Task directions —
Could you transcribe all of the data word for word?

(Source data)
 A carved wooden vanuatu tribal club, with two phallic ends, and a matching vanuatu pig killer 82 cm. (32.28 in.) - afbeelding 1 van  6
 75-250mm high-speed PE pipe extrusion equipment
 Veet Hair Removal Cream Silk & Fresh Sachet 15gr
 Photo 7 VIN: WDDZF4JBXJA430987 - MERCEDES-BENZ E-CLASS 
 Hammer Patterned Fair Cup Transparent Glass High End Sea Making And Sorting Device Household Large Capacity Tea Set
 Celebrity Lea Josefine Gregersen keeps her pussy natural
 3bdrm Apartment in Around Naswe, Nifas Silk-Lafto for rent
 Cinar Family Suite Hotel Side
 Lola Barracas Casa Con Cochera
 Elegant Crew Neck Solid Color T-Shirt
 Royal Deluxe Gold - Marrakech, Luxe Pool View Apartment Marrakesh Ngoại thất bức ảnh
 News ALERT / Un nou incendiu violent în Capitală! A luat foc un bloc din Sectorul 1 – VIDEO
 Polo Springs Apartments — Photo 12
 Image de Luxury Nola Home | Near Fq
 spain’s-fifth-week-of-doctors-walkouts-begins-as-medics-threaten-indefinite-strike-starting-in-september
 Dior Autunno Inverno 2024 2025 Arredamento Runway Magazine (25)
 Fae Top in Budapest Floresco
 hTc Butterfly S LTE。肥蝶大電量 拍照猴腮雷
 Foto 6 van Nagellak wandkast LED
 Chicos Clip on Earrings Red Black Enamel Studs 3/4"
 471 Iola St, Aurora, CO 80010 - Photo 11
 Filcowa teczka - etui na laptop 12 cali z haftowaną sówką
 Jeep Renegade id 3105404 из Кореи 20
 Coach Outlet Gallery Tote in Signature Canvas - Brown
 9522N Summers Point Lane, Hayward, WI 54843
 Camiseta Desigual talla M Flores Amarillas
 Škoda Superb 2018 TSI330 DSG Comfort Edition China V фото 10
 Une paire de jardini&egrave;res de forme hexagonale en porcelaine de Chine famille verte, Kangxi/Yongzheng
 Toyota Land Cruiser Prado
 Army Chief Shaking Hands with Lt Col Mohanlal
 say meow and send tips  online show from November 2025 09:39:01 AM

Exercise output —
 A carved wooden vanuatu tribal club, with two phallic ends, and a matching vanuatu pig killer 82 cm. (32.28 in.) - afbeelding 1 van  6
 75-250mm high-speed PE pipe extrusion equipment
 Veet Hair Removal Cream Silk & Fresh Sachet 15gr
 Photo 7 VIN: WDDZF4JBXJA430987 - MERCEDES-BENZ E-CLASS 
 Hammer Patterned Fair Cup Transparent Glass High End Sea Making And Sorting Device Household Large Capacity Tea Set
 Celebrity Lea Josefine Gregersen keeps her pussy natural
 3bdrm Apartment in Around Naswe, Nifas Silk-Lafto for rent
 Cinar Family Suite Hotel Side
 Lola Barracas Casa Con Cochera
 Elegant Crew Neck Solid Color T-Shirt
 Royal Deluxe Gold - Marrakech, Luxe Pool View Apartment Marrakesh Ngoại thất bức ảnh
 News ALERT / Un nou incendiu violent în Capitală! A luat foc un bloc din Sectorul 1 – VIDEO
 Polo Springs Apartments — Photo 12
 Image de Luxury Nola Home | Near Fq
 spain’s-fifth-week-of-doctors-walkouts-begins-as-medics-threaten-indefinite-strike-starting-in-september
 Dior Autunno Inverno 2024 2025 Arredamento Runway Magazine (25)
 Fae Top in Budapest Floresco
 hTc Butterfly S LTE。肥蝶大電量 拍照猴腮雷
 Foto 6 van Nagellak wandkast LED
 Chicos Clip on Earrings Red Black Enamel Studs 3/4"
 471 Iola St, Aurora, CO 80010 - Photo 11
 Filcowa teczka - etui na laptop 12 cali z haftowaną sówką
 Jeep Renegade id 3105404 из Кореи 20
 Coach Outlet Gallery Tote in Signature Canvas - Brown
 9522N Summers Point Lane, Hayward, WI 54843
 Camiseta Desigual talla M Flores Amarillas
 Škoda Superb 2018 TSI330 DSG Comfort Edition China V фото 10
 Une paire de jardini&egrave;res de forme hexagonale en porcelaine de Chine famille verte, Kangxi/Yongzheng
 Toyota Land Cruiser Prado
 Army Chief Shaking Hands with Lt Col Mohanlal
 say meow and send tips  online show from November 2025 09:39:01 AM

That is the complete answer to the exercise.